GSA Annual Meeting in Phoenix, Arizona, USA - 2019

Paper No. 8-4
Presentation Time: 8:45 AM

CARBON CYCLE DYNAMICS AND ECOLOGY REVEALED BY THE CARBON ISOTOPIC COMPOSITION OF SINGLE ORGANIC MICROFOSSILS DURING THE DEVONIAN FRASNIAN-FAMENNIAN BIOTIC CRISIS


JUNIUM, Christopher K.1, COHEN, Phoebe2, KING PHILLIPS, Ezekiel J.2 and UVEGES, Benjamin Thornton Iglar3, (1)Department of Earth Sciences, Syracuse University, 204 Heroy Geology Laboratory, Syracuse, NY 13244, (2)Geosciences, Williams College, 947 Main Street, Williamstown, MA 01267, (3)Department of Earth, Atmospheric and Planetary Sciences, Massachusetts Institute of Technology, Cambridge, MA 02139

Acritarchs, or close-walled organic microfossils, are abundant in many siliciclastic strata in the Proterozoic and Paleozoic. However, their taxonomic affinities and paleoecology remains enigmatic. Studies that employ direct analysis of acritarch organic matter have been limited, but this approach can provide an addition dimension of data against which hypotheses about their affinities and paleoecology can be tested. We employ a relatively simple nano-EA-IRMS method for the analysis of single organic microfossils and physically separable components of sedimentary organic matter (e.g. kerogen particles) for their carbon isotopic composition. We have applied this technique to the Frasnian-Famennian strata of Appalachian Basin through the Late Devonian Kellwasser Events and mass extinction.

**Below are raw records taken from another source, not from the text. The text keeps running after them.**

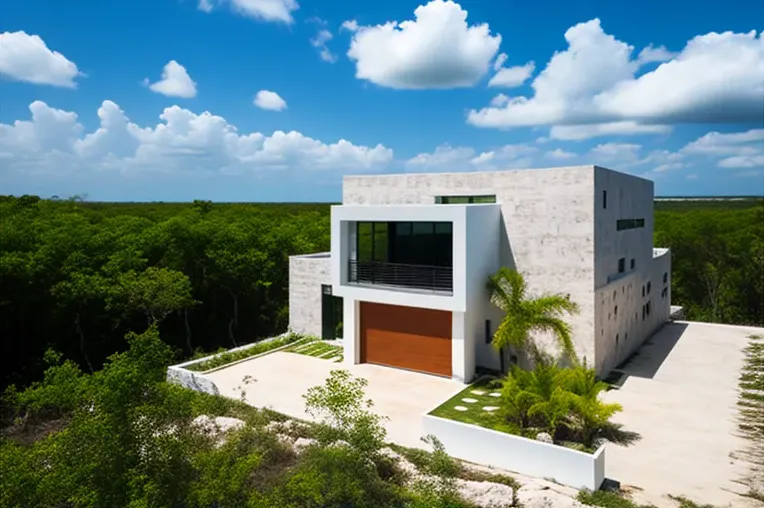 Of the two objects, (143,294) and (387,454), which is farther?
(143,294)

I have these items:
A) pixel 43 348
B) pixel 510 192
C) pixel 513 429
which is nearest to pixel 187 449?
pixel 513 429

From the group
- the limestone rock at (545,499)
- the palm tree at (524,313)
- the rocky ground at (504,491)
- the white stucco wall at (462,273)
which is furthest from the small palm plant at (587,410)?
the white stucco wall at (462,273)

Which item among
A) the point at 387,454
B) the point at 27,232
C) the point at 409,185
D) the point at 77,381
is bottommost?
the point at 387,454

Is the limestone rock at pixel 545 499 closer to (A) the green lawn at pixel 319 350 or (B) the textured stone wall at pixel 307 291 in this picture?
(A) the green lawn at pixel 319 350

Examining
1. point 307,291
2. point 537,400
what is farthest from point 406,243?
point 537,400

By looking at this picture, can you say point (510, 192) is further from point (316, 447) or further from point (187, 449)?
point (187, 449)

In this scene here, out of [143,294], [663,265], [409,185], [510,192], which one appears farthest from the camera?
[663,265] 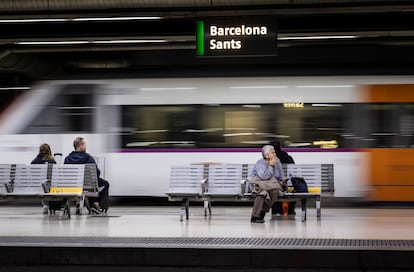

We analyzed several hundred leiospherid and acanthomorphic (ornamented) acritarchs and kerogens from the Late Devonian of the Appalachian Basin. The δ13C of kerogen grains were isotopically similar between individual grains and to bulk δ13Corg. However, the δ13C of individual microfossils varied between individuals and was significantly different from co-occcuring bulk organic matter. For example, the δ13C of individual leiospherids from the Lower Kellwasser black shale range from -23.8 to -25.4‰ compared to -30.4‰ for kerogens. The δ13C of leiospherid an acanthomorphic organic matter show no ecological difference and are consistent with algal origin. Additionally, we observe no relationship between cell size and δ13C. We speculate that the isotopic difference between kerogen and the microfossils is result of (1) a surface water ecology where the DIC is 13C-enriched because of a strong biological pump, (2) that these organisms may have had a high rate of growth under eutrophic conditions that depressed εp, or (3) they employed an alternative means of carbon fixation that resulted in the observed 13C-enrichment. Alternatively, the 13C-depletion of bulk organic matter could signal that a significant proportion of the sedimentary organic is derived from another source such as chemoautotrophic organisms living within the chemocline or a terrestrial organic matter, though macerates and organic geochemical investigations reveal little terrestrial organic matter in these strata. The δ13C range between individual microfossils likely represents environmental variability captured by a relatively short duration of life compared to time range of a single sample.